Q&A With B2B Marketing Expert Ardath Albee: The Content Marketing Payoff
- Published in Content Strategies
Content marketing leaders will come together this month at the B2B Content2Conversion Conference. Among them is Ardath Albee, B2B marketing strategist and CEO of Marketing Interactions Inc. Recently, Demand Gen Report had the opportunity to discuss current content marketing trends as well as tips on distributing content across social channels with Albee.
Albee will share insights on crafting a killer B2B content strategy during a C2C Power Panel featuring Joe Pulizzi, Founder of Content Marketing Institute and Ann Handley, author of Content Rules.
Ardath Albee: There’s a big difference in producing content for the sake of content and content for the purpose of content marketing. Content designed for the execution of a content marketing strategy speaks to prospects and customers at the exact point that their needs intersect with what the company provides. It’s designed to educate them about solving a problem, provide expertise that helps them understand your value, as well as evidence that you walk your talk.
It is not focused on products, features or feeds and speeds. It’s focused on what your products, services or solutions help your customers to achieve. This content is focused on the buyer’s perceptions and provides a connected pathway that helps them advance their journey toward a purchase decision.
Non-believers are the ones who pump out useless content without a purpose and then wonder why nothing happened. The biggest caveat to content marketing is that it takes time to come to fruition. It is not a magic bullet that will instantly create sales. Patience and persistence are required. Content marketing pays off. I see it every day or I wouldn’t be doing what I do.
DGR: You'll be presenting during the C2C Power Panel along with other content marketing experts, Joe Pulizzi and Ann Handley. Can you brief our readers on current trends you're seeing in the industry?

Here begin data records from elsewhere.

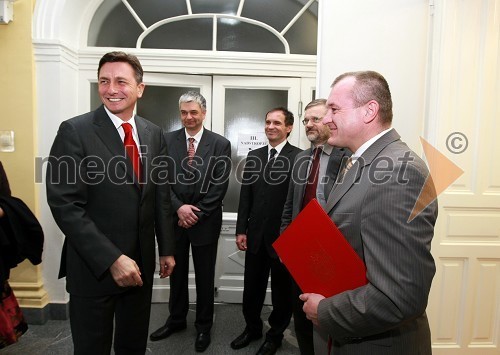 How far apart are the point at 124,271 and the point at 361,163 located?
3.43ft

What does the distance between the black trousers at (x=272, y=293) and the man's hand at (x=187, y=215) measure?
19.6 inches

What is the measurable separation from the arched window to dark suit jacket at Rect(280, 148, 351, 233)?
63.5 inches

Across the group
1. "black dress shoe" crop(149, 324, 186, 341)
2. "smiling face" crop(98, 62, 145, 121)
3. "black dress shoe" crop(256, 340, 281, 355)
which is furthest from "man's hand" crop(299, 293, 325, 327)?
"black dress shoe" crop(149, 324, 186, 341)

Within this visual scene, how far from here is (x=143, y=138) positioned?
6.00 feet

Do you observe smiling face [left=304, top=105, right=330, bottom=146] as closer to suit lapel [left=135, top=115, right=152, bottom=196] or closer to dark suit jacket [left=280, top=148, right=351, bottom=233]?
dark suit jacket [left=280, top=148, right=351, bottom=233]

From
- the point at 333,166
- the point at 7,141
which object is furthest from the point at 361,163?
the point at 7,141

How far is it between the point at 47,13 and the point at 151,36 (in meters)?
0.87

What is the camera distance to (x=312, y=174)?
2.19 metres

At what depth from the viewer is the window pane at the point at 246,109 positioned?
3.58m

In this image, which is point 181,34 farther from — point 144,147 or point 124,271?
point 124,271

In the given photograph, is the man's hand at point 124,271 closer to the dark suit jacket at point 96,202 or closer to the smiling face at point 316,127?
the dark suit jacket at point 96,202

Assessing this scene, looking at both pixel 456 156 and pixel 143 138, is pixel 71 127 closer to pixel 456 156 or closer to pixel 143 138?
pixel 143 138

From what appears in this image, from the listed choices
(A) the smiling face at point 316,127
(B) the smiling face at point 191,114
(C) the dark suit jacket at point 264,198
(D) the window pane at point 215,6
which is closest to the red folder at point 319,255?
(A) the smiling face at point 316,127

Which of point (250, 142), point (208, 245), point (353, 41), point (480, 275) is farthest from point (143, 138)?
point (480, 275) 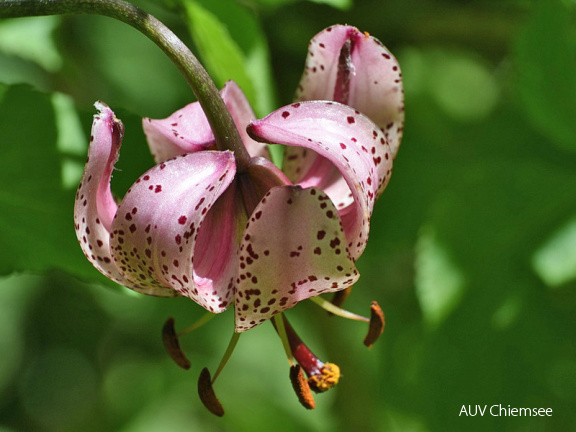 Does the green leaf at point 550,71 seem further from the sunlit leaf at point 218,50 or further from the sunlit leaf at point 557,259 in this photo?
the sunlit leaf at point 218,50

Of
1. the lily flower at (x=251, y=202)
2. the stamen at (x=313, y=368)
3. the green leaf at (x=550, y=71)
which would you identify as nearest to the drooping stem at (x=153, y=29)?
the lily flower at (x=251, y=202)

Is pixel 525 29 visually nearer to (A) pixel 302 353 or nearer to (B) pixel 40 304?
(A) pixel 302 353

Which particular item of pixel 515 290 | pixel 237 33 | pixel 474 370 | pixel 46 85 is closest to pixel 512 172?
pixel 515 290

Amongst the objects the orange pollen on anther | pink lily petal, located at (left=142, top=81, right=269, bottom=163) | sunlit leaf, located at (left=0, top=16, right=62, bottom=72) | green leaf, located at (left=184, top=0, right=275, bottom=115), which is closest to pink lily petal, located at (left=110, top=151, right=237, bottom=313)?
pink lily petal, located at (left=142, top=81, right=269, bottom=163)

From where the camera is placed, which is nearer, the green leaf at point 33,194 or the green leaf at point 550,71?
the green leaf at point 33,194

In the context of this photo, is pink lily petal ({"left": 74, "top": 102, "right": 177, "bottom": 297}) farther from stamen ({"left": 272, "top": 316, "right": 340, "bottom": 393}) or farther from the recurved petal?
stamen ({"left": 272, "top": 316, "right": 340, "bottom": 393})

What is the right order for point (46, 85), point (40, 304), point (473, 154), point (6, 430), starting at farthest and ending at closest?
point (40, 304)
point (6, 430)
point (46, 85)
point (473, 154)

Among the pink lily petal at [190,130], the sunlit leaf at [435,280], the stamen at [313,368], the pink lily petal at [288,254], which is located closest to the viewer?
the pink lily petal at [288,254] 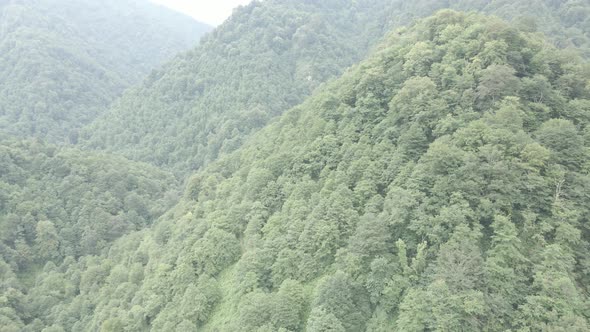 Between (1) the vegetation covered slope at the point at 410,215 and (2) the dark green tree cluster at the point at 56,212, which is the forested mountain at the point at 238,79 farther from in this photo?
(1) the vegetation covered slope at the point at 410,215

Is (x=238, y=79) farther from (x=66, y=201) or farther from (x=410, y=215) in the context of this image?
(x=410, y=215)

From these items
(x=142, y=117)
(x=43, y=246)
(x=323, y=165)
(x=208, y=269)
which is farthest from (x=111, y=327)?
(x=142, y=117)

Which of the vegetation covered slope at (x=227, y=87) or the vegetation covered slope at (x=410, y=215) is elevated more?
the vegetation covered slope at (x=410, y=215)

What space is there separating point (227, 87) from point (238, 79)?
528 centimetres

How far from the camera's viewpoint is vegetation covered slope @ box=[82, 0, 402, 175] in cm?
14762

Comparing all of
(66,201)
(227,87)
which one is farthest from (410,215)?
(227,87)

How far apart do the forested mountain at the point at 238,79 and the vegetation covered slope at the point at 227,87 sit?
363mm

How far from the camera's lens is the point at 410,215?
133ft

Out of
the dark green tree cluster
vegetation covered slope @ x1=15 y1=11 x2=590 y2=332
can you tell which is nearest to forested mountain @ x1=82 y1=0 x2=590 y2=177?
the dark green tree cluster

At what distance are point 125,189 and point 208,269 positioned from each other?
68.3m

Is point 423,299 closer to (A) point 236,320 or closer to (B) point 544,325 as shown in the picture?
(B) point 544,325

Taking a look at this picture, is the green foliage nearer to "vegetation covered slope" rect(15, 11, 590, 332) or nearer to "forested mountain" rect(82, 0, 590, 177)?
"vegetation covered slope" rect(15, 11, 590, 332)

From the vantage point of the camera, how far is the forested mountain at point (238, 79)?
140m

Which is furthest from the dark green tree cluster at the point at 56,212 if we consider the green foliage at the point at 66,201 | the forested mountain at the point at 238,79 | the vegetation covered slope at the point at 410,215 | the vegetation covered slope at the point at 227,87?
the forested mountain at the point at 238,79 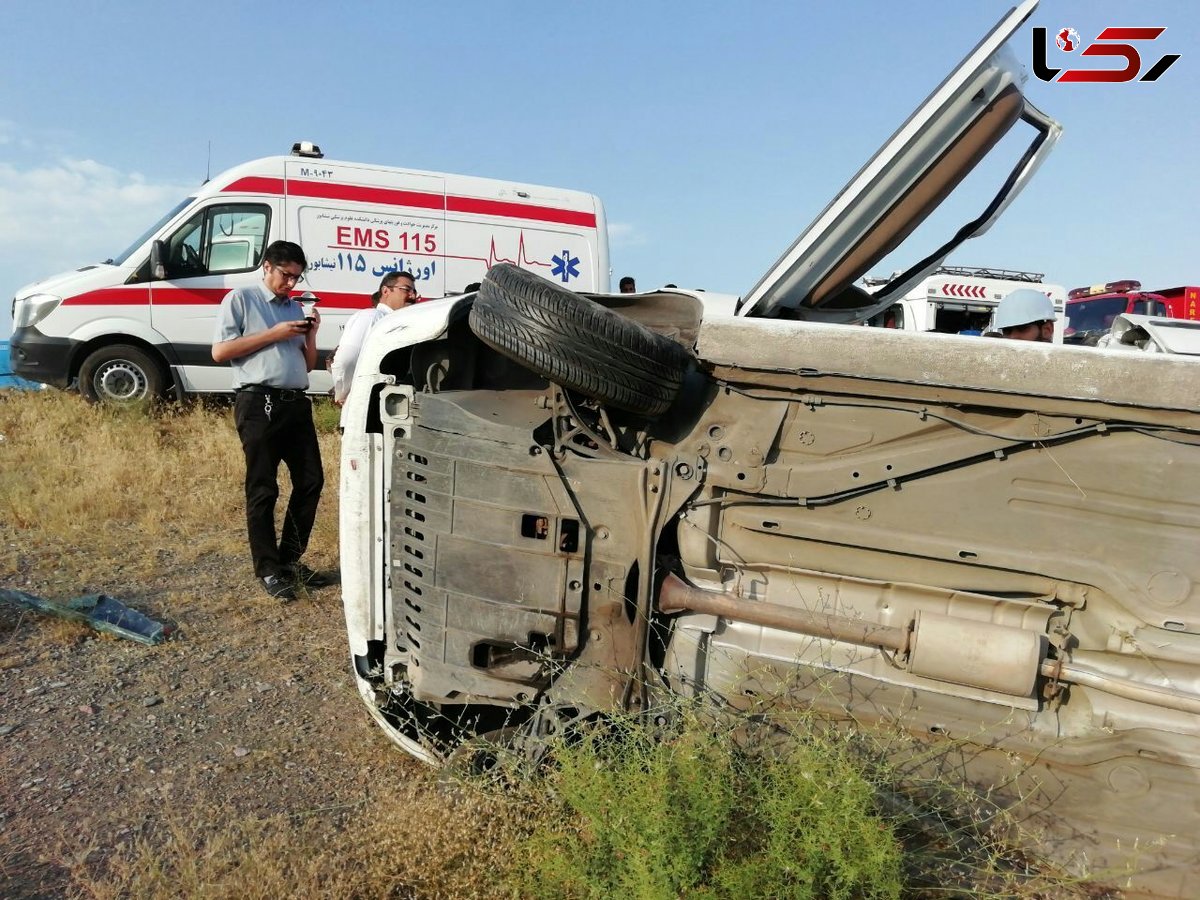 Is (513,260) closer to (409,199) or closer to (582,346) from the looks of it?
→ (409,199)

Albee: Here are some of the top things I’m seeing:
Adoption of Personas: I’ve been creating personas for companies for a long time. It used to be very hard to convince marketers this was necessary, but now they’re sold before they call me. And, rather than having me do the work and deliver the outcome, clients are staying involved during the entire process, interested in learning how to do the work, why it’s important and where the personas provide valuable input to content strategy.
Quality Content vs. Crap: I think Velocity Partners has produced the best content about this evolution of understanding about content marketing. This goes to the trend of churning out content just to put something in front of an audience with the misguided notion that it will keep their company top of mind in a good way. The noise level online is deafening with this type of garbage and marketers who get it are starting to call foul on marketers who don’t. This is also another reason you have the nonbelievers referenced in your first question above.
Lack of Strategy For A Continuum: It pains me to say this, but I’m still not seeing strategies designed across the entirety of the buying process—including customer retention and advocacy. What I’m seeing is still mostly campaign driven. And it’s just not good enough. Stop and start content that focuses on a monthly or quarterly execution isn’t going to suit the needs of buyers who have a 9 month to 18 month buying process.
Recent research by IDG found that buyers will engage with 10 pieces of content across their buying process. If each campaign has two or three touches, then you’d better hope that each “theme” you choose will be useful to them. If marketers do the work to gain a true understanding of their buyers and the priorities they’re trying to achieve, they’d find an endless potential for storytelling that covers their buyers needs at each stage. This calls for a continuum approach, not stringing together a bunch of unconnected campaigns.
- Native Advertising: There seems to be a big uproar about native advertising as being deceptive, bad and brand damaging. It’s a controversial topic that I don’t think merits the outrage. But I also think it depends on how marketers and publishers handle it. I wrote about it here.
- Social Selling: I’m hearing a lot about this on the sales side of the equation, but marketers need to pay attention, as well. What concerns me is that salespeople will be out there telling their story and marketers will be sharing their version and pretty soon we’ll have fragmented brands. If you really think about it, social selling applies to both marketing and sales—and both sides need to be in alignment about it. In fact, marketing actually has what sales needs to do this well. There’s no sense in reinventing the wheel. My post about sales enablement for social selling.
DGR: It's no secret that content is best distributed through social means. With the number of channels available today, marketers continue to struggle with finding the right distribution strategy. What's your secret?
Albee: This is pretty simple. Use the channels your buyers use. It’s not about the shiny new toy, it’s about what you can point to and show how it contributes to downstream revenue. But it’s also about connecting the dots. Whatever channels you do use should all serve as homing beacons back to your website, blog—whatever online properties your company owns. Even better, each content asset should provide a path/link to the next part of the story. Don’t leave your audience stranded with nowhere else to go. Once you have engagement, it’s all about guidance. Yet another reason why strategy is so important.